Cybercriminals are exploiting GovDelivery, a widely used email notification platform for U.S. federal and state agencies, to distribute sophisticated toll-payment scams. The breach involves compromised government credentials, allowing attackers to send fraudulent messages directly from official domains to unsuspecting residents.
Indiana State Agencies Targeted in Toll Scam
The state of Indiana officially confirmed that fraudulent emails regarding “unpaid tolls” have been circulating under the guise of state agency communications. These messages include malicious links designed to redirect recipients to phishing sites. The Indiana Office of Technology is currently coordinating with Granicus, the parent company behind GovDelivery, to halt the unauthorized communications.
State officials disclosed that a contractor’s account was compromised, leading to the breach. While Indiana maintains that core state systems remain secure, they have not dismissed the possibility of earlier, undetected intrusions. Notably, the state claimed its contract with Granicus ended in December 2024, yet the company allegedly failed to decommission the state’s account.
Granicus Responds to System-Wide Compromise
Granicus spokesperson Sharon Rushen acknowledged the malicious activity originating from Indiana’s government domain but clarified that the company’s internal infrastructure was not directly breached. “We are aware of the recent malicious emails sent via GovDelivery,” Rushen stated. While Granicus possesses the technical capability to quantify the number of impacted individuals, they have yet to release specific figures.
The company further admitted to an “uptick in targeted social engineering” against its customers, aimed at leveraging the trust associated with government-backed email systems to facilitate phishing campaigns.

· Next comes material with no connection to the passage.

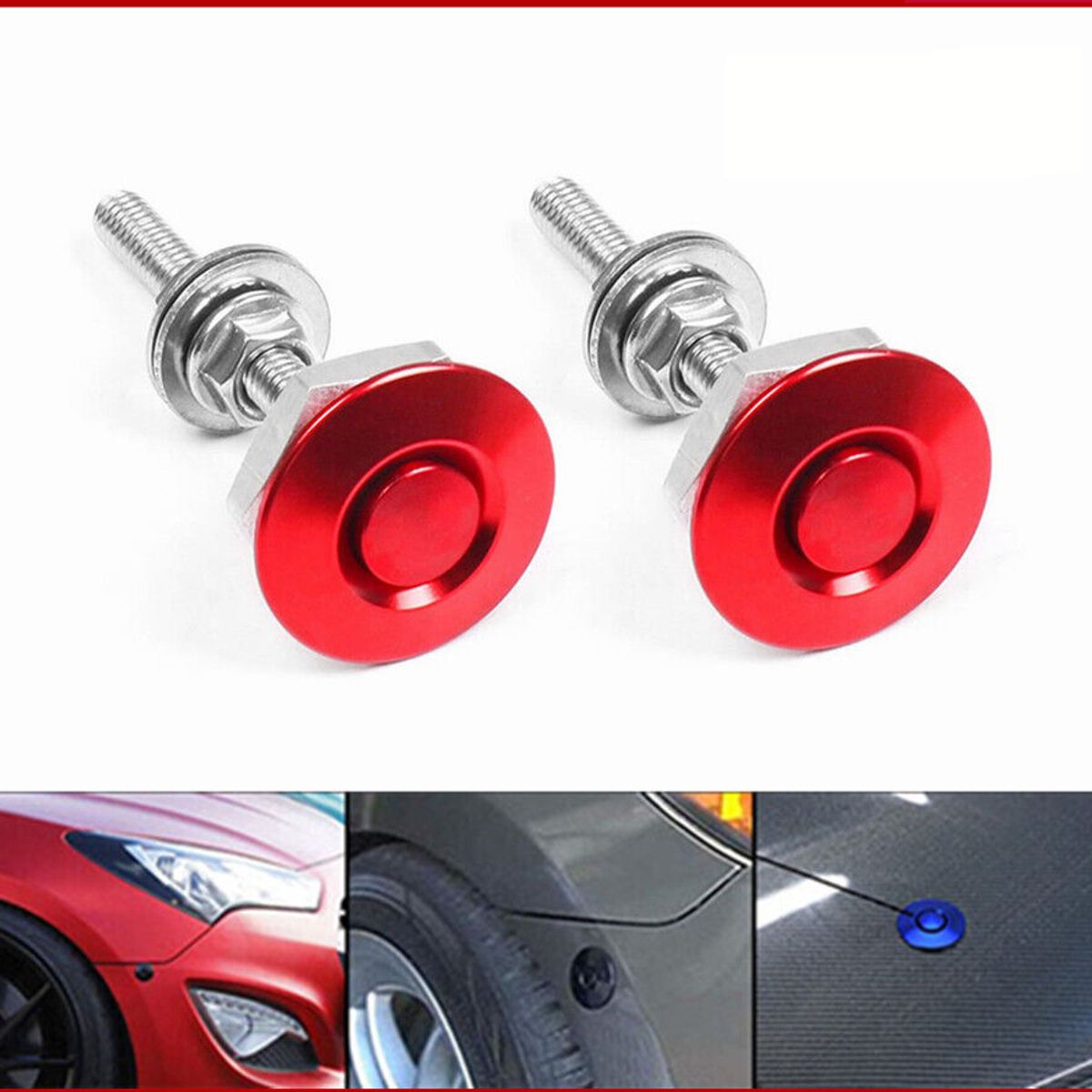 GENERICO - x2 Sujeta Parachoques Capot + Pulsador Quick Release ROJO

The Anatomy of a Toll Phishing Attack
The Federal Trade Commission has previously warned of the rising prevalence of toll-related scams. By utilizing official government communication channels, attackers increase the likelihood that victims will trust and interact with the malicious content.
Evidence reviewed shows that one scam email originated from an Indiana Emergency Operations Center account. It falsely claimed the recipient owed tolls in Texas, threatening penalties or vehicle registration holds. The included link, which appeared to be a legitimate govdelivery.com address, redirected users to a malicious site mimicking the Texas Department of Transport’s TxTag service. The fraudulent site aggressively harvested personal data, including names, home addresses, and credit card information.
Broader Impact Across Local Governments
The issue extends beyond Indiana. Doña Ana County, New Mexico, recently confirmed that its news portal, managed by Granicus, was also compromised. Kent English, the county’s IT director, characterized the event as a “system-wide issue” impacting multiple government clients.
In the case of Doña Ana County, attackers used the govdelivery.com infrastructure to impersonate a professional services firm, sending emails that demanded immediate payments. As of Tuesday morning, several of the identified phishing domains appeared to have been taken offline.